▶ [REQUIRED WORK]:
Find "Alpinestars CHROME a" and "在家炖老鸭汤,记住三不要,炖出来的鸭汤鲜香味美" in the records below. Copy the lines holding them and every line between, exactly, and no others.

▶ [EXERCISE DATA]:
BEGIN

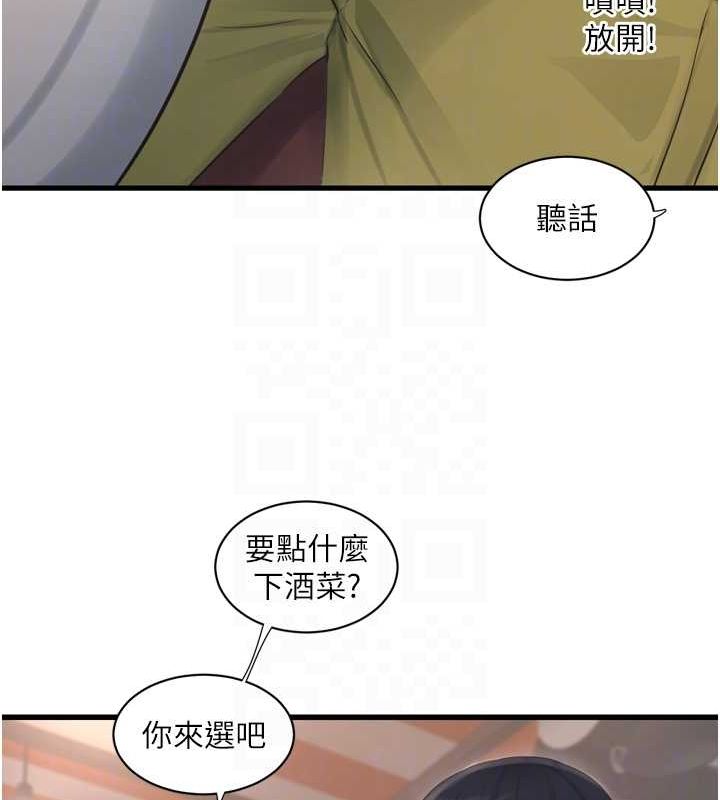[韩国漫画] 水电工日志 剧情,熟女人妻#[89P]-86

END
BEGIN

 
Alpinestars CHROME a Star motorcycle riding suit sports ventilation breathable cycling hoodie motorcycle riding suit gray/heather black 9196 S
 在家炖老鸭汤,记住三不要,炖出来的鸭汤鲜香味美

END
BEGIN

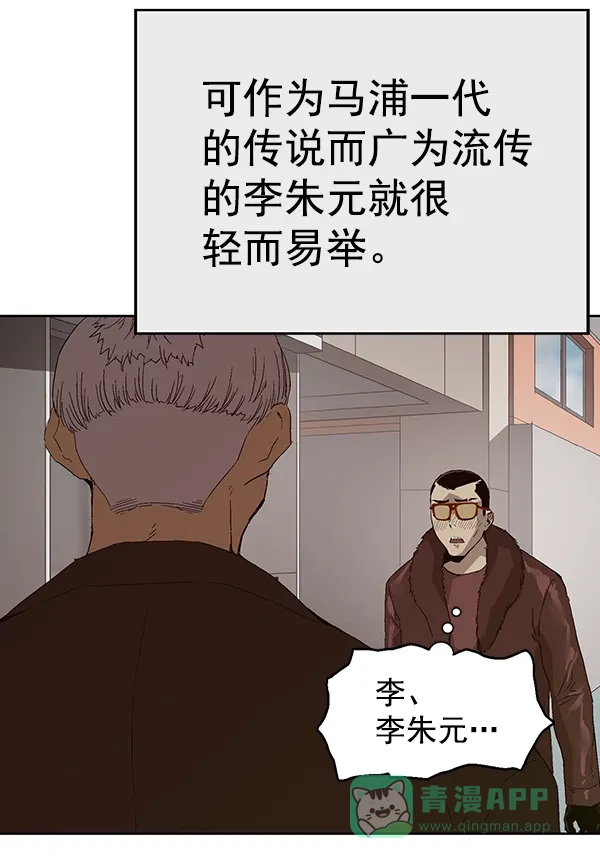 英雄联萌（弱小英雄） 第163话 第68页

END

▶ [THE COMPLETED TASK]:
Alpinestars CHROME a Star motorcycle riding suit sports ventilation breathable cycling hoodie motorcycle riding suit gray/heather black 9196 S
 在家炖老鸭汤,记住三不要,炖出来的鸭汤鲜香味美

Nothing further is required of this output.